Traffic Prediction
Big data analytics predicting traffic accident severity in Dubai
About
Big data analytics project processing 150K+ real traffic accident records from Dubai to predict accident severity levels. Built on Apache Spark (PySpark 3.5.0) for distributed data processing, implementing K-Means clustering for pattern discovery, Artificial Neural Networks (MLP) for severity classification, and a custom Bagging ensemble method for improved prediction robustness.

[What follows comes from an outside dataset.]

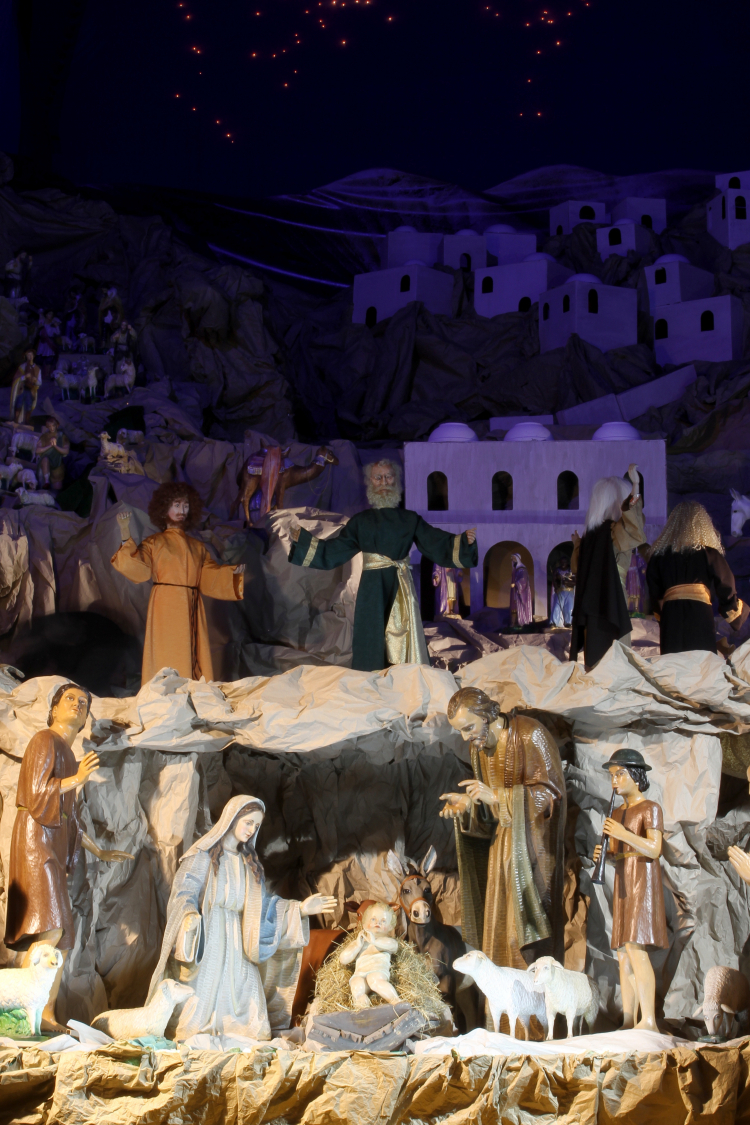 Najprawdopodobniej największy w Europie ruchomy żłóbek w kościele ojców franciszkanów w Poznaniu, 24 grudnia 2009 r. Fot. PAP/Adam Ciereszko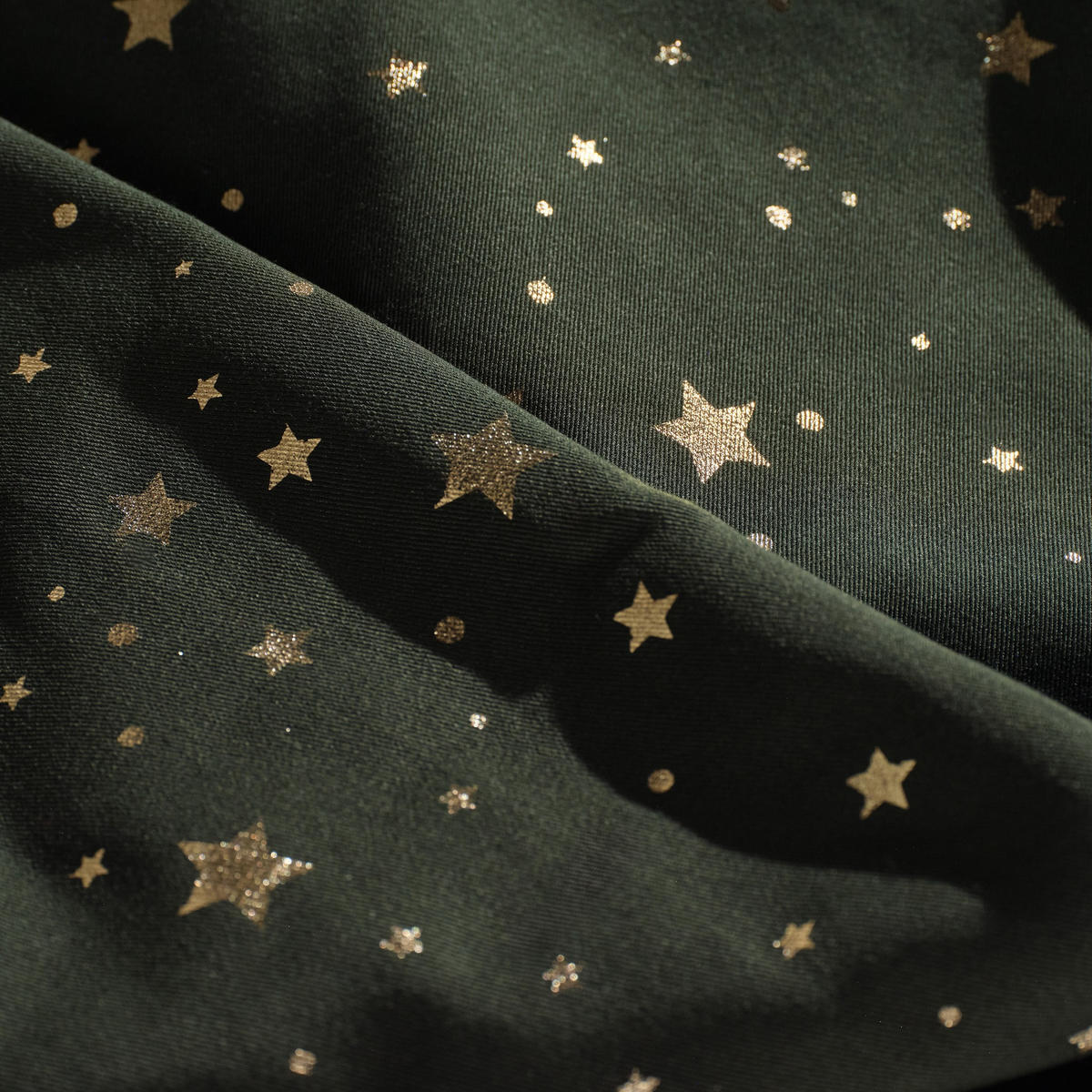 TISCHDECKE Noliso - Dunkelgrün, Textil (180/130/1cm) - home&you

The entire pipeline runs in a Dockerized Jupyter environment for reproducibility. Comprehensive exploratory data analysis reveals temporal and spatial patterns in Dubai's traffic incidents, while the multi-model approach ensures robust severity predictions across varying accident conditions.
Key Features
- PySpark distributed processing of 150K+ accident records
- K-Means clustering for traffic pattern discovery
- ANN (MLP) for severity prediction
- Custom Bagging ensemble method
- Docker containerized Jupyter environment
- Comprehensive data visualization and EDA
Architecture
Distributed processing pipeline using PySpark for ETL operations on traffic data. Feature engineering extracts temporal, spatial, and environmental factors. Three modeling approaches run in parallel: K-Means for unsupervised pattern discovery, MLP neural network for classification, and custom Bagging for ensemble robustness. Results are visualized through Matplotlib/Seaborn dashboards.